Este es un aniversario que si tiene algún sentido conmemorar – y claro que lo tiene- es precisamente el de levantar las capas de olvido, de memoria acomodaticia, de distorsión presuntamente bienintencionada de la realidad que efectivamente ocurrió. Hay que regresar al núcleo trágico del sufrimiento de la víctima concreta, a la tortura de las horas de espera agónica del disparo que acabaría con su vida. Hay que reconstruir la impiedad de sus asesinos, la negación de todo rastro de humanidad, el ensañamiento contra una vida limpia. Hay que volver a la verdad y asentarse firmemente en el territorio de la decencia.

A Miguel Ángel Blanco lo asesinaron por ser del Partido Popular. El crimen fue el disciplinado cumplimiento de las instrucciones de la dirección de ETA ordenando a sus pistoleros «levantar a un político del PP», preferiblemente un secuestro -decían-; pero si eso resultaba muy difícil, el asesinato. Miguel Ángel sufrió las dos cosas. ETA desplegó sobre él todo su repertorio de crueldad.

ETA, todo lo que era ETA, ejecutaba -nunca mejor dicho- un plan sistemático de exterminio de un partido político, entonces en el Gobierno. Había empezado con el asesinato de Gregorio Ordóñez y continuó con el atentado contra quien era el líder la oposición, José María Aznar, en 1995. Se trataba desde luego de la pulsión asesina de ETA, pero este impulso de exterminio no se explica sin una decisión estratégica previa, calculada, elaborada y promovida por el brazo político del entramado terrorista. Por eso, el lehendakari José Antonio Ardanza pudo arrojar con razón la responsabilidad del crimen sobre Batasuna. Todos recordamos cómo desde Batasuna se anunció la venganza de una ETA humillada por la liberación de José Antonio Ortega Lara: «Después de la borrachera policial, vendrá la resaca», advirtió Floren Aoiz.

Ni Sortu -la Batasuna relegalizada-, ni ninguno de sus miembros, ninguna de las organizaciones antes en la órbita de ETA y soportes de la estrategia de terror de la banda, ni los asesinos ni sus cómplices, nadie ha pedido perdón, ni ha mostrado arrepentimiento, ni ha afirmado la injustica radical de la violencia que ejercieron contra un hombre.
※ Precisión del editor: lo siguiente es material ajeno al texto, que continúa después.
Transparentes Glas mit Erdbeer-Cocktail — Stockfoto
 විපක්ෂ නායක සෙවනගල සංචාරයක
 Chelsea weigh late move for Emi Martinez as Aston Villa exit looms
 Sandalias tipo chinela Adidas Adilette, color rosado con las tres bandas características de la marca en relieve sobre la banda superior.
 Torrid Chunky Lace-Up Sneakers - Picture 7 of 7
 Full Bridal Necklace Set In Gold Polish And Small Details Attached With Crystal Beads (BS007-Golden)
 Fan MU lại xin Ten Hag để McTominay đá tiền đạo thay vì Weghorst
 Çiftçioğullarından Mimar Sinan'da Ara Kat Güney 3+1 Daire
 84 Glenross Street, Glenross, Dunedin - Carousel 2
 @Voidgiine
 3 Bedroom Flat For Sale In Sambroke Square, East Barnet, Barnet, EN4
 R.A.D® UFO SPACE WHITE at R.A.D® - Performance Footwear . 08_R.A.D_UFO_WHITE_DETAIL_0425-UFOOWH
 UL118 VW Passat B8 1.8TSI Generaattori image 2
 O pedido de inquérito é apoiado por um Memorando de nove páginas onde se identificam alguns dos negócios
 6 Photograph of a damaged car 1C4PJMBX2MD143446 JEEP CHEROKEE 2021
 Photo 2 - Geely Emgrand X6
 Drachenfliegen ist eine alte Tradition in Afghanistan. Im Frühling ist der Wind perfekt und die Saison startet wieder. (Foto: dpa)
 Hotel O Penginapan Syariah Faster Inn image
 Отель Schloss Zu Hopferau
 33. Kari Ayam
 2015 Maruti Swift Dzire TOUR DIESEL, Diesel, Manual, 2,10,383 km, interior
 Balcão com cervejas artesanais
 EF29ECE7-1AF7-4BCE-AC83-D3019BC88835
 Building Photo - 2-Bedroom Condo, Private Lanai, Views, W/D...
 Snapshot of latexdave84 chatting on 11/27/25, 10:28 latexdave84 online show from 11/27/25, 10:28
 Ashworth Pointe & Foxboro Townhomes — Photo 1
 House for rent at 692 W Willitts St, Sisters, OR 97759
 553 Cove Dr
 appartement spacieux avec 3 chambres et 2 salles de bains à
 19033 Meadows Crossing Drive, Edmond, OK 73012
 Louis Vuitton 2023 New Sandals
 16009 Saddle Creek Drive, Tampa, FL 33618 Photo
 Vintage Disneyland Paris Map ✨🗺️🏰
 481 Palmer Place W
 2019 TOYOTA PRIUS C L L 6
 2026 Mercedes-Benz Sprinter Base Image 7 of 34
Cuando recordemos a Miguel Ángel, recordemos también -como lo ha hecho Carlos Totorica en este periódico- que una parte de la sociedad vasca no solo permanece al margen del dolor de las víctimas, sino que exalta a los asesinos y aplaude con nostalgia su brutalidad.

Sabemos que mientras la víctima agonizaba Arnaldo Otegi estaba en la playa. Y sabemos también que el nacionalismo en su conjunto vio en la reacción social una amenaza a su hegemonía, se unió en el Pacto de Estella y ahí quedó formalizada la apelación de ETA a la «persecución social» de los no nacionalistas. Pura limpieza étnica. El Partido Nacionalista Vasco abandonó el Pacto de Ajuria Enea para consolidar un alineamiento estrictamente nacionalista que ponía precio político al cese del terrorismo.

Pero el secuestro y asesinato de Miguel Ángel Blanco reconcilió a una gran parte de la sociedad vasca consigo misma y con la decencia. La emancipó de la dictadura etarra e hizo que recuperara la dignidad en la afirmación contra el terror. Nunca como en la movilización social de aquellos días se vieron escenas de auténtica solidaridad, de dolor compartido, de indignación virtuosa con la que cientos de miles se liberaban de la humillante carga del silencio impuesto por el miedo.

Todas las vidas tienen el mismo valor, pero no todas las muertes son iguales. La de Miguel Ángel Blanco fue un verdadero sacrificio perpetrado por los oficiantes del terror en nombre de una nación vasca que exigía el tributo incesante de la sangre inocente. Sin condena del horror, a los ejecutores y participes políticos de aquel crimen se les da la oportunidad de reescribir, de destruir más bien, la historia de una democracia históricamente ejemplar a la que hicieron todo lo posible por destruir. Terroristas que dejaron de serlo por la fuerza del Estado de Derecho, no por su voluntad de cambiar, convertidos ahora en auditores de la democracia española, esa que inundaron de sangre y sufrimiento. Pero el hedor del crimen les acompaña y no se podrán desprender de él por un pacto que debe durar lo que dure el Gobierno que lo ha cometido.